Most people associate "on the edge," with someone crazy, unstable, risky; we associate it with a negative image. For me, the marathon forced me to take a few steps toward the edge. To a place where mental and physical depletion meet; a place where one has no reserves. I have to admit, it was a scary place. When you enter that place, simple logic doesn't help you; time loses its grip; cause and effect break down; simple logic doesn't apply. This is the unknown.
Doesn't this sound like the original opening to the classic “Twilight Zone”? By the way, one of the best series and Rob Serling is one of, if not the most talented director ever. Essentially, once you move away from the physical to the mental landscape, you are entering the Twilight Zone. We all like control; well, “on the edge,” you control very little. Funny thing is, in real life, we control very little although we think we have some control.
I’ve never been one to preach but something inside is telling me I must share my experiences (especially over the last 3 years) with others as it might be beneficial to a few folks. I highly recommend that you venture at least “one step” toward the edge; get out of your comfort zone. Remember, being near the edge is only temporary and then, once there, it’s not as much of an unknown. In fact, you are expanding your comfort zone.
I just found out that less than one tenth of the world finishes a marathon each year. I’m honored and humbled to be part of that club and now I understand why it is such a big deal. I played almost every sport and I’ve never been challenged nor ventured so far near the edge as I did during the marathon.

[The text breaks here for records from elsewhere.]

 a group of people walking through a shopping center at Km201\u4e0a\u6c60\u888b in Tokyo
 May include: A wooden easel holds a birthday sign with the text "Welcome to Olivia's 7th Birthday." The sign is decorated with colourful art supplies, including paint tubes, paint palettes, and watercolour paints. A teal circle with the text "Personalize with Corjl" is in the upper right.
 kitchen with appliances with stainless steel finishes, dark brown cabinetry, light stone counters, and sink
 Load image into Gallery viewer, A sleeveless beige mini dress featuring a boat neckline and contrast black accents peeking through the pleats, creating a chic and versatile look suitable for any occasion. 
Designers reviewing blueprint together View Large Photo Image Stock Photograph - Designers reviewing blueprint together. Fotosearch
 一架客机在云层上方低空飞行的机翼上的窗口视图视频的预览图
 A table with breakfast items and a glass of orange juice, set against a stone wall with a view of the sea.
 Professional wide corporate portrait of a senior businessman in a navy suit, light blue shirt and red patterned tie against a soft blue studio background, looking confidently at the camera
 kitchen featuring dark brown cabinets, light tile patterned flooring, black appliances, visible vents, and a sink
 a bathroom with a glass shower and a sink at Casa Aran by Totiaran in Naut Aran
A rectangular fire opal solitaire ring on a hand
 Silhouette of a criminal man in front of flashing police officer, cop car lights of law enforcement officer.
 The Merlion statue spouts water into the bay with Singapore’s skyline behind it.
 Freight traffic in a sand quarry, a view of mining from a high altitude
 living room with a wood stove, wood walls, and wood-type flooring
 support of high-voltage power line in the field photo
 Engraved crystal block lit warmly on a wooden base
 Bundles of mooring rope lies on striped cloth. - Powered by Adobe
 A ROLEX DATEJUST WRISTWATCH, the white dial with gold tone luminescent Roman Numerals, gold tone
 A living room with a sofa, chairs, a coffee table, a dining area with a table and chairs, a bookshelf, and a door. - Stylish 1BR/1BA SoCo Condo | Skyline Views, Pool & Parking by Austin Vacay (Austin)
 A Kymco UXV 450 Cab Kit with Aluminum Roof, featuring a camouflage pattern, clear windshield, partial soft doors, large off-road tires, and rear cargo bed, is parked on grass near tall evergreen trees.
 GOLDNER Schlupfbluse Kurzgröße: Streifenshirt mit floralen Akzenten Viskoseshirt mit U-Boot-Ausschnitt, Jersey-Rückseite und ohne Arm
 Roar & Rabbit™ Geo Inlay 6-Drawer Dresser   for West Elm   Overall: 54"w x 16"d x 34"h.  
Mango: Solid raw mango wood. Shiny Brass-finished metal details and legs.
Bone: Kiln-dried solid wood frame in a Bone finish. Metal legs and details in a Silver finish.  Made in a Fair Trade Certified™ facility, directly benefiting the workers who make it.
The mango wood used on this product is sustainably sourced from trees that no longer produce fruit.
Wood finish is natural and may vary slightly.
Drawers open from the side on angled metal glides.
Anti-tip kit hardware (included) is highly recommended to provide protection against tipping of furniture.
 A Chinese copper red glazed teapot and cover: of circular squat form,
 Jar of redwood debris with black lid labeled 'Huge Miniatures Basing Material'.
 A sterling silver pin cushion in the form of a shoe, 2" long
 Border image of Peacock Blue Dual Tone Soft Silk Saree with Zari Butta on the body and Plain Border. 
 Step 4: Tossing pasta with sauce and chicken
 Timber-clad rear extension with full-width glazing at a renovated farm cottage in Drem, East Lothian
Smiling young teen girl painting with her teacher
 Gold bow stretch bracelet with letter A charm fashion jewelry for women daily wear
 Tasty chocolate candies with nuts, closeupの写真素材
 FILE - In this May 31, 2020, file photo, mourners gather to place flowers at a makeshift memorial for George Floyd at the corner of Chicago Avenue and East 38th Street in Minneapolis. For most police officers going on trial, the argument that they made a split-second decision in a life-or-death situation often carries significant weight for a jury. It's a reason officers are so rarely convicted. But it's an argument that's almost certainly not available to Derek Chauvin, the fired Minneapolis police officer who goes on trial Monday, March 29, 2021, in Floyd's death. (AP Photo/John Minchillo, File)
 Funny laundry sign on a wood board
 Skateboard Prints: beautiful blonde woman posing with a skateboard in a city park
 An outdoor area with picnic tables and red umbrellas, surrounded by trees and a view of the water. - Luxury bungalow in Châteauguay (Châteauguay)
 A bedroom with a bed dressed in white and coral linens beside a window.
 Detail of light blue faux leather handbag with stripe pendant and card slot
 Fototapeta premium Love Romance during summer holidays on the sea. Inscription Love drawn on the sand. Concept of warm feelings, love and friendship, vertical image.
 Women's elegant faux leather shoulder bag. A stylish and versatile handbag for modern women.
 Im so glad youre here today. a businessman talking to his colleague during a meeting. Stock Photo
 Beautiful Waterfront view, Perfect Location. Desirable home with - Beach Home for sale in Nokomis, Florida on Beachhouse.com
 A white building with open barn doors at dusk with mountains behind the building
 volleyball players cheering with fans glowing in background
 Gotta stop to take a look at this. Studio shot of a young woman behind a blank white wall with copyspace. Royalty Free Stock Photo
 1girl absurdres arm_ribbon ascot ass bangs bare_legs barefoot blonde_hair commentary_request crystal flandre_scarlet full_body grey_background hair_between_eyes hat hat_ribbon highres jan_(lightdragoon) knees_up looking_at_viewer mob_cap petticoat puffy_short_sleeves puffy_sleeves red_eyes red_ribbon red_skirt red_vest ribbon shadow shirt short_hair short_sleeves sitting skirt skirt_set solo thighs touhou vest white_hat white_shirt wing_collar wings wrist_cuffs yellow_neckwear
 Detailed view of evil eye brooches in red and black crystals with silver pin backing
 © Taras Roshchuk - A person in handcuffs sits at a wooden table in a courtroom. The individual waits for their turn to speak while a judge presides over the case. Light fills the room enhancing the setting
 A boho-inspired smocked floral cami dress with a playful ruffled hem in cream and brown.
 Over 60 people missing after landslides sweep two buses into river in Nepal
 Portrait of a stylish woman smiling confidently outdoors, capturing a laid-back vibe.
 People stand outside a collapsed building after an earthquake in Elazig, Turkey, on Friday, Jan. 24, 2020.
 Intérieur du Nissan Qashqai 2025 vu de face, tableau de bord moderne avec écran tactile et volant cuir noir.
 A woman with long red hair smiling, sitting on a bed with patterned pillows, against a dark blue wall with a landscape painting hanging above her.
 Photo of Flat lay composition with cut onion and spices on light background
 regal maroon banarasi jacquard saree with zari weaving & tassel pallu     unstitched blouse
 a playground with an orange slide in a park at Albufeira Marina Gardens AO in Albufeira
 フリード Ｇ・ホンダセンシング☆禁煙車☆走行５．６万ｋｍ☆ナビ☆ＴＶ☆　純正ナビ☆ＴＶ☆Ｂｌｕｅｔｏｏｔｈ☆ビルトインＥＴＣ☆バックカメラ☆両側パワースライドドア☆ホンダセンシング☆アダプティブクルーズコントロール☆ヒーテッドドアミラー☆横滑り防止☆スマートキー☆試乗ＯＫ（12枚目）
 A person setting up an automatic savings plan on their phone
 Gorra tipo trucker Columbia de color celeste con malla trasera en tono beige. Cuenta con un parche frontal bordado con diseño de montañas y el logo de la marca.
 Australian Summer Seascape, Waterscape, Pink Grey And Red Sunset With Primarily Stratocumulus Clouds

Imagine a constant battle with your left brain telling you to stop; you can’t do this; you aren’t ready; you are crazy, and you still push through. It was an out of body experience. Even the 3 days following the marathon, I didn’t feel like I was totally back mentally. Everything looked different; the sky, trees, grass, my kids, wife . . . everything.
I feel like I broke through a wall. The scary thing is I could see me breaking through the wall but a whole new series of walls was waiting for me. This makes me think of one of my favorite movies being the original Matrix. Every time Neo ventured deeper, there was more walls waiting for him but each time, he never saw the world the same again. The world is so vast; there’s so many great people out there; so many special people; so much spirit, love, determination . . . but we can’t begin to understand, relate or even sympathize until we move toward the edge in some way or another. Otherwise we live in a box (just like the all the folks that were part of the Matrix).
Really, think about it? I know I’m just starting a new (and perhaps scary) venture in life. I’m so lucky to have my wife by my side as I try to comfort the “new walls,” in some way, fashion or form.
Tuesday, May 5, 2009
Monday, May 4, 2009
I spent my entire life playing basketball and tennis; went on to play basketball in college. I played with great players, several of which went on to play in the NBA. However, I picked up running 3 years ago and I can say, without question, runners, swimmers and bikers are some of the most incredible athletes I've ever met. The endurance, spirit, focus and determination is unparalleled. The quality of person I meet is inspiring and daunting. To speak with a 60+ yr. old man who is running is 65th marathon; to speak with a 62 yr. old woman running 50 marathons in 50 states; to get passed (and beat) by men and women of all ages is humbling but so inspiring. I'm making a generality here and it doesn't apply to each individual but unlike my prior life in athletics, these folks also have such a broad and inspiring view of themselves, others, and the world. I learned more about a person's spirit in 3 yrs. of running than I ever learned in basketball or tennis.